如何打破這「兩個東西」?中山先生提出,「在國內要努力做到不使政治的權能重落軍閥之手,而在國際上要極力抵抗帝國主義的跋扈」。具體說,包括要「徹底消滅造成國家一切混亂的主要根源——軍閥主義」,如「撤銷督軍的軍隊而代之以工兵」等;要「防止外國人在中國搗亂」,「不能再坐視外國僑民在中國領土內肆其跳樑跋扈」;根本的是要取消「一切不平等條約,如外人租借地、領事裁判權、外人管理關稅權以及外人在中國境內行使一切政治的權力侵害中國主權者」,進而與有關國家「重訂雙方平等互尊主權之條約」。為此,中山先生在1924年11月二次北上議和、推動召開國民會議時,即鄭重宣示,第一目的「在欲廢除十三國對華之不等條約,使中華民國成真正大統一之國家,則治外法權及關稅各節問題均可一一解決」;其次「為貫徹廢督裁兵,及財政整理」。
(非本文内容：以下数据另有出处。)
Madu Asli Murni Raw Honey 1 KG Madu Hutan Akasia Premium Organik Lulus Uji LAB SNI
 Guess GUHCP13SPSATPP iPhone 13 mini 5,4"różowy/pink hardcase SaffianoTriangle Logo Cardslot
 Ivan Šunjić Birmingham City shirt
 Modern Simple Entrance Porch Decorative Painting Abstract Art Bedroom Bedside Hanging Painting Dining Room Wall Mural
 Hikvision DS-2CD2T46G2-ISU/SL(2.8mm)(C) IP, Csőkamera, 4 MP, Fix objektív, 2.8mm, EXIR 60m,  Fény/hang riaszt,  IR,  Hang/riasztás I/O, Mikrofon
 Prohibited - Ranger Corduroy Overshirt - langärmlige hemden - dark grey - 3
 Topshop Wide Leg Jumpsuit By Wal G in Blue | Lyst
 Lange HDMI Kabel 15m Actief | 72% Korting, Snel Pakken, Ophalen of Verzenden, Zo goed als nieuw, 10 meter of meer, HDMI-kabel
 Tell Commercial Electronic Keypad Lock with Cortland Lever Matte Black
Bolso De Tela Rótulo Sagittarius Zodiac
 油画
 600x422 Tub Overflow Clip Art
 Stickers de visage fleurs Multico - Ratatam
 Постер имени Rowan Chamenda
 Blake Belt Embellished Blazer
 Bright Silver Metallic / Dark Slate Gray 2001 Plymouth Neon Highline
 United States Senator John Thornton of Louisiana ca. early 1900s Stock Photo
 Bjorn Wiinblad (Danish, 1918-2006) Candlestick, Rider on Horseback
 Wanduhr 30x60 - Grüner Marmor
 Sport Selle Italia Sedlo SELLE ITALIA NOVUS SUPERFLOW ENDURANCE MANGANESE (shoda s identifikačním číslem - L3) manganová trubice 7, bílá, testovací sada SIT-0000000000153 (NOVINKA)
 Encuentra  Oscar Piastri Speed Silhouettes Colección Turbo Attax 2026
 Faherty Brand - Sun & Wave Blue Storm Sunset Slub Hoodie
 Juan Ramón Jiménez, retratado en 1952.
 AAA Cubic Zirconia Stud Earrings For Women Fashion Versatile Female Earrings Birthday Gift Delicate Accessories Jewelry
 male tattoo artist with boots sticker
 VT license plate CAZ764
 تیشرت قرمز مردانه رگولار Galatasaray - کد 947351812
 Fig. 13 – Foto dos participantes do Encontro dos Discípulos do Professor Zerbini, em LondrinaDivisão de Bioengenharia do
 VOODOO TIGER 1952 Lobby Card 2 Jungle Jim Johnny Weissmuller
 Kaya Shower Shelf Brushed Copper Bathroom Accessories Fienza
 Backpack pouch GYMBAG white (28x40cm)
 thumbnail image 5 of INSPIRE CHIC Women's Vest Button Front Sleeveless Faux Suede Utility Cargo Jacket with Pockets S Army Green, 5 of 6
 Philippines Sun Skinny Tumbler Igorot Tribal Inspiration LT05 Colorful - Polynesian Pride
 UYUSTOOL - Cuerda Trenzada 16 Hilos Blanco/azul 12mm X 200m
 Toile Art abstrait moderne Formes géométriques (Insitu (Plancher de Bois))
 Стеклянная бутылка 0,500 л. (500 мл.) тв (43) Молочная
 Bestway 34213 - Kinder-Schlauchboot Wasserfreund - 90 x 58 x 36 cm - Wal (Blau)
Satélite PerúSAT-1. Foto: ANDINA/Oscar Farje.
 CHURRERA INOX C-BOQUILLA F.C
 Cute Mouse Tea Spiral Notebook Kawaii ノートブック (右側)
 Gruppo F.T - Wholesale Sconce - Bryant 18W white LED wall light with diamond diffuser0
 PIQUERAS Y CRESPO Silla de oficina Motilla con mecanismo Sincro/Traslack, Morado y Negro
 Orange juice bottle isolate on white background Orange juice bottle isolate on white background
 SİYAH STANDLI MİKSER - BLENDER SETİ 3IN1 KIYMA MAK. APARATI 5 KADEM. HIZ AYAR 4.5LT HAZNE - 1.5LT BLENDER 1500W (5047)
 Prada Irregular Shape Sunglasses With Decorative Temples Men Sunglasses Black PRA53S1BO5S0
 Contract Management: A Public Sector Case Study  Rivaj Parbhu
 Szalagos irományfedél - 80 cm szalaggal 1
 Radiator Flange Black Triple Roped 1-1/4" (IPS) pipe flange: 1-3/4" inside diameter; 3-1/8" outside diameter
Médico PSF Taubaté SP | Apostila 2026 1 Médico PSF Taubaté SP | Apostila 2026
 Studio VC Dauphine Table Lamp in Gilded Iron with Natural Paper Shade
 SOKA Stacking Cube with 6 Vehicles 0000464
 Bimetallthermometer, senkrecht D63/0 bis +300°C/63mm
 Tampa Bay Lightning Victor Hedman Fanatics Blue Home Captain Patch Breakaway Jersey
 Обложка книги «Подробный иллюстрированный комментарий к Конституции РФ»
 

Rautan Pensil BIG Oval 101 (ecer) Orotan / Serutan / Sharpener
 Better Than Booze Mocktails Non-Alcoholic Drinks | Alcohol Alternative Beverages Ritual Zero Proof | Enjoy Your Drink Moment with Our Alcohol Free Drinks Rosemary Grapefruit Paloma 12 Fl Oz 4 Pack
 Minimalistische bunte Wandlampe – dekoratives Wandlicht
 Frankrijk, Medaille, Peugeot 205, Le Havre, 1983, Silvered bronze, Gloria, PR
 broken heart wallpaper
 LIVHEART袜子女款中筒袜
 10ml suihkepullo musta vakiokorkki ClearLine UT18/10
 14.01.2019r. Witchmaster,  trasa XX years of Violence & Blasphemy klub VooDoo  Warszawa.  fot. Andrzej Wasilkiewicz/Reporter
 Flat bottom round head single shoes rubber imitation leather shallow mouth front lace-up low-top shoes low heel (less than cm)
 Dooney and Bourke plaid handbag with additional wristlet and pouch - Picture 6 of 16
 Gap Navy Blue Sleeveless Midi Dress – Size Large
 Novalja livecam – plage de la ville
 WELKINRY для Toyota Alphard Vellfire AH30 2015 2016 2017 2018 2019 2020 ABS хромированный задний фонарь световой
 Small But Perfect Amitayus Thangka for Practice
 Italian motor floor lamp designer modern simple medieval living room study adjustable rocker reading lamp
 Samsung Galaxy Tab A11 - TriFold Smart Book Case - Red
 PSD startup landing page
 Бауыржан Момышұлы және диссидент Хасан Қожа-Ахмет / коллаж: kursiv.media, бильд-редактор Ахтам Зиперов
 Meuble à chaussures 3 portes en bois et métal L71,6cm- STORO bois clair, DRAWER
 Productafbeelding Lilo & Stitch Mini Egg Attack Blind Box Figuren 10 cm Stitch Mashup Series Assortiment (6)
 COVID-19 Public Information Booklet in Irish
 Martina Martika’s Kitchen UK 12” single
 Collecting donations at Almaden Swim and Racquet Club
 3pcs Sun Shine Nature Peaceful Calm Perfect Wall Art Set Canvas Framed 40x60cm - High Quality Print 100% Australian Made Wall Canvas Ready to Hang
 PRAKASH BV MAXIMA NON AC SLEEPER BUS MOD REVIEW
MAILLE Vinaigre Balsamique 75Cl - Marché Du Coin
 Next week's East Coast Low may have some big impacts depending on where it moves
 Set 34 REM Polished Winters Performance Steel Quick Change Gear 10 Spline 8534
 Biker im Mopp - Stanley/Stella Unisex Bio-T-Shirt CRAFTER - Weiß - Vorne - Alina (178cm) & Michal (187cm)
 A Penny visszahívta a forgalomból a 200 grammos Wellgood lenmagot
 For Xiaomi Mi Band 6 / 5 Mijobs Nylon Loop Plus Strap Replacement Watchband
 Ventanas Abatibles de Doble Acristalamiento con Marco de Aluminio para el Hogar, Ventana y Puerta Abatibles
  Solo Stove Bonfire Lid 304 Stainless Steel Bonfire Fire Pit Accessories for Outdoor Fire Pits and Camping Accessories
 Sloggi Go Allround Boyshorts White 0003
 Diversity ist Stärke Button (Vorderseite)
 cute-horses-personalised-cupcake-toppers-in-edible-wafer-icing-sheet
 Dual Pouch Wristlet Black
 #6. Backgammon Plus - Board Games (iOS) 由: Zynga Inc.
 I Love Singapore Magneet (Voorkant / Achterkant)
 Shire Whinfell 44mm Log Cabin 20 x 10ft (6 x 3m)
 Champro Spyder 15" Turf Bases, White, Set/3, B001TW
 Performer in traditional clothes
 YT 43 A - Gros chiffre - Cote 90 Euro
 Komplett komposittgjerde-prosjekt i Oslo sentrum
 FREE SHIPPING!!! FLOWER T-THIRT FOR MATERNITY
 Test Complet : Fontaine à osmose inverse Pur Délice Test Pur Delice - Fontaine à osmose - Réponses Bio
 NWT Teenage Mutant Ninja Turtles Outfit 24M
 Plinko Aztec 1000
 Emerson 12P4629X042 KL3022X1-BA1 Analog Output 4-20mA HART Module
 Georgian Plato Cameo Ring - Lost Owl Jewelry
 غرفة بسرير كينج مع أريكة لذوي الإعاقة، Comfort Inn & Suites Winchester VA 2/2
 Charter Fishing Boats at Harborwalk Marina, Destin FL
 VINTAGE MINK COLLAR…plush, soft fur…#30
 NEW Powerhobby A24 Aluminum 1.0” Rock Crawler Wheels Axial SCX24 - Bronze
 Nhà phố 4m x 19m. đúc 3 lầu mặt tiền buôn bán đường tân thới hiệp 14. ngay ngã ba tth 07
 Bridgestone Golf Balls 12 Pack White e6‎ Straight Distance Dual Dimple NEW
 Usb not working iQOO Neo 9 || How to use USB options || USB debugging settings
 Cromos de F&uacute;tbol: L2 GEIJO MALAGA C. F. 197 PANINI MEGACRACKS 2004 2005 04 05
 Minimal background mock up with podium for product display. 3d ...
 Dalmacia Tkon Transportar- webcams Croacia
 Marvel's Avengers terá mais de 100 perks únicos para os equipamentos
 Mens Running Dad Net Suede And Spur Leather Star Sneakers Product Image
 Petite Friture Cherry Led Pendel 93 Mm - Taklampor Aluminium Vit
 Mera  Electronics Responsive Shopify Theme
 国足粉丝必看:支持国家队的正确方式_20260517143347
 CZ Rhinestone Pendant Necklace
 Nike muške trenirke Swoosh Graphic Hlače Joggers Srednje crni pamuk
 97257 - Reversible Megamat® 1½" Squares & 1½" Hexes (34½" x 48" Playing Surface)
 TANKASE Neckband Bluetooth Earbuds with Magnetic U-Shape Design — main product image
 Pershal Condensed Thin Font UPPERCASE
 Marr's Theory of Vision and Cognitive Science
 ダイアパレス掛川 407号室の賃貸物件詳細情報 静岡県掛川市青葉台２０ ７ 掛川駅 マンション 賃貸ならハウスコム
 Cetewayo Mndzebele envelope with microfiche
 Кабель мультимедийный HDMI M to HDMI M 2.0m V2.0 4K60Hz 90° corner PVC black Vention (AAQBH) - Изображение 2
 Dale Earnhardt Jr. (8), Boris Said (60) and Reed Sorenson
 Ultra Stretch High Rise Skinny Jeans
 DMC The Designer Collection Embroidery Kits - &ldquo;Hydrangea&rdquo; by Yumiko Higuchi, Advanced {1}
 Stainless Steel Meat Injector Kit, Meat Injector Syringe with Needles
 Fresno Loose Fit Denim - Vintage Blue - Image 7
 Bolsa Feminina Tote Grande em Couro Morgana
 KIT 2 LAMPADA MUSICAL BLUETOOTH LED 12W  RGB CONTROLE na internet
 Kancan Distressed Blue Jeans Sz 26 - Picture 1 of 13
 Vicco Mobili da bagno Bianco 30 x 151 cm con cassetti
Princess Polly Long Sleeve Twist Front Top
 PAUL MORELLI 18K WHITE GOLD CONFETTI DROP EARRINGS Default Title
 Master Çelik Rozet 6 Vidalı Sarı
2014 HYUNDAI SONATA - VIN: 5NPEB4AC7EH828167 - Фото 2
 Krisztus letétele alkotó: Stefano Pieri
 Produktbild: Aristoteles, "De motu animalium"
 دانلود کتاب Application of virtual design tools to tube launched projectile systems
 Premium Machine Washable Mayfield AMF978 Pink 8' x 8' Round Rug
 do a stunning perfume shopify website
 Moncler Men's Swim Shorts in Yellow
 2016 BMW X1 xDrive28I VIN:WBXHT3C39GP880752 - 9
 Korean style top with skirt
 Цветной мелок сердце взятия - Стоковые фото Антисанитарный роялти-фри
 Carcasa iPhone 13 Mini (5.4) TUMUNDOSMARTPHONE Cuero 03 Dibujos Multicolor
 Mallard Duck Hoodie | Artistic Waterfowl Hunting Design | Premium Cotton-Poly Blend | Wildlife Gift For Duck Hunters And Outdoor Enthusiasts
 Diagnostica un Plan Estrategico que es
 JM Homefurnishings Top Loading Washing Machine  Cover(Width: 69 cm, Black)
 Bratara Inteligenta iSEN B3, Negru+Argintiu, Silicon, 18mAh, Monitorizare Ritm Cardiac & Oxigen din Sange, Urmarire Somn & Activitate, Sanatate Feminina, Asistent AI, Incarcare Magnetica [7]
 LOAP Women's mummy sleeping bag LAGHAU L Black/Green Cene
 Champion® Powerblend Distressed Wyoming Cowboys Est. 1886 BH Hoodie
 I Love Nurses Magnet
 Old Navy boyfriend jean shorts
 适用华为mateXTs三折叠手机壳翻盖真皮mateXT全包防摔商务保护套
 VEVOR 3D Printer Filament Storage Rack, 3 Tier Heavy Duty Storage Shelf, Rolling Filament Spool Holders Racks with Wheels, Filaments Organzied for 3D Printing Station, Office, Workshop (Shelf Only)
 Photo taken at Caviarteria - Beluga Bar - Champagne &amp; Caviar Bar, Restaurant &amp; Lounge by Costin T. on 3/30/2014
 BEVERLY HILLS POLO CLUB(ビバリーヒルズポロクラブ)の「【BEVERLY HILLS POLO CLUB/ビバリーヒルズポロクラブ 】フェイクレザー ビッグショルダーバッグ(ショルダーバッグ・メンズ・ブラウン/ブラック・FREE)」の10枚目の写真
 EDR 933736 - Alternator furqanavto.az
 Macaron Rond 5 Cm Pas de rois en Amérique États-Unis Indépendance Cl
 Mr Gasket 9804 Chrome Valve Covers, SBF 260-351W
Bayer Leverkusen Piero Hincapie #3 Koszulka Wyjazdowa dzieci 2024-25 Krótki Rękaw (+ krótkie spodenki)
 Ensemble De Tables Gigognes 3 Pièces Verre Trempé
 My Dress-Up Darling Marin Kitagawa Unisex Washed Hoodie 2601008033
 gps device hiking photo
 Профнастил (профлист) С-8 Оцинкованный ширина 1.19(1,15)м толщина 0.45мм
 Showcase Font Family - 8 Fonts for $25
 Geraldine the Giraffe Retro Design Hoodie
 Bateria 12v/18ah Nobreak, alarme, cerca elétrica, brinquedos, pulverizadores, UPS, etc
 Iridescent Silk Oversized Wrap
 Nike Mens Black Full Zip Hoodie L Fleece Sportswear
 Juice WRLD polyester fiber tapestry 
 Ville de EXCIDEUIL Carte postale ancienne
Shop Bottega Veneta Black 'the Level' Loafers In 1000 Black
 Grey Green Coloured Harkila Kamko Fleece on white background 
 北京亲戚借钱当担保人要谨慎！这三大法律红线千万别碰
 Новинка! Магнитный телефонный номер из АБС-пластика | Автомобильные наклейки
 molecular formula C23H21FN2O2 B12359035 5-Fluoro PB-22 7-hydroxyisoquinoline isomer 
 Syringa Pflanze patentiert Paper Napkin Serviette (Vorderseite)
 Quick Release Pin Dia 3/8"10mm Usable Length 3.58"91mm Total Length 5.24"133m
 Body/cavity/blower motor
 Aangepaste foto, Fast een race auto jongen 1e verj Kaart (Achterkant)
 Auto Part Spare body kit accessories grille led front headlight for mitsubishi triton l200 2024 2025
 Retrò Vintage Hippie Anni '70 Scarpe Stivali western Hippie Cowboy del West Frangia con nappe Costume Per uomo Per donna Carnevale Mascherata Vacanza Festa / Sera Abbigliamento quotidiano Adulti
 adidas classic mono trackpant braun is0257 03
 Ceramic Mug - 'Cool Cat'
他還就此強調,「倘此志不達,即選予為總統或任何制度下之領袖,予決不就」。其言擲地有聲,立場堅定、旗幟鮮明。
中山先生愈到晚年愈益看清帝國主義扶持封建軍閥割據、扶持北洋軍閥政府,就是想破壞中國的統一,「想用中國人來瓜分中國」,因而運用勢在必然的歷史邏輯作出結論——「要以後真是和平統一,還是要軍閥絕種;要軍閥絕種,便要打破串通軍閥來作惡的帝國主義;要打破帝國主義,必須廢除中外一切不平等條約。」這樣,中山先生主張的「兩個打破」,內反封建軍閥割據、外反帝國主義壓迫,已將中國的國內統一與中國在國際上的獨立自主結合起來。
二、因情制宜,鄭重提出「向來主張和平統一」,必要時「勢不能不藉武力」
辛亥革命後出現南北對峙的複雜局面,孫中山先生突出表現為竭誠謀求和平統一,提出「謀國之道,苟非變出非常,萬不得已,不宜輕假兵戎,重為民困」,「今為救國危亡計,擬以和平之方法,圖統一之效果」,為此「文當誓竭綿薄,盡其所能及,必使和平期於實現」。基於「天下為公」的宗旨,1912年「中華民國臨時政府」成立不久,中山先生為換取「民國統一,永無僭亂」,竟委曲求全讓位給袁世凱;當袁世凱與南方革命黨尖銳對立,帝國主義公開提出「南北分治」時,中山先生又接受袁的邀請上北京與袁「共商國是」(一月之內會晤13次),開啟南北和談;此後10多年,為推動討論和平統一問題,中山先生在各種場合多次表示「建議召開和平會議」、隨時「準備同接受我條件的任何領袖合作」、贊同召開「南北各方領袖平等聯席會議」等等。1924年10月23日,馮玉祥等人發動「北京政變」,推倒北京直系政府,發出「和平解決國是」通電,並請中山先生「北上主持大計」。中山先生不顧個人安危,11月10日毅然決定抱病北上,並發表宣言,接受當時中國共產黨「以國民會議解決國是」的主張,正式提出「召集一國國民會議」以「謀國家之統一與重新建設」。北上途中和到京後,一再表示這次「單騎到北京」,即「以極誠懇的意思,去同全國人民謀和平統一」。此後4個月,中山先生遺囑還諄諄告誡「最近主張開國民會議及廢除不平等條約,尤須於最短期間促其實現」,其彌留之際仍在呼喚「和平、奮鬥、救中國」。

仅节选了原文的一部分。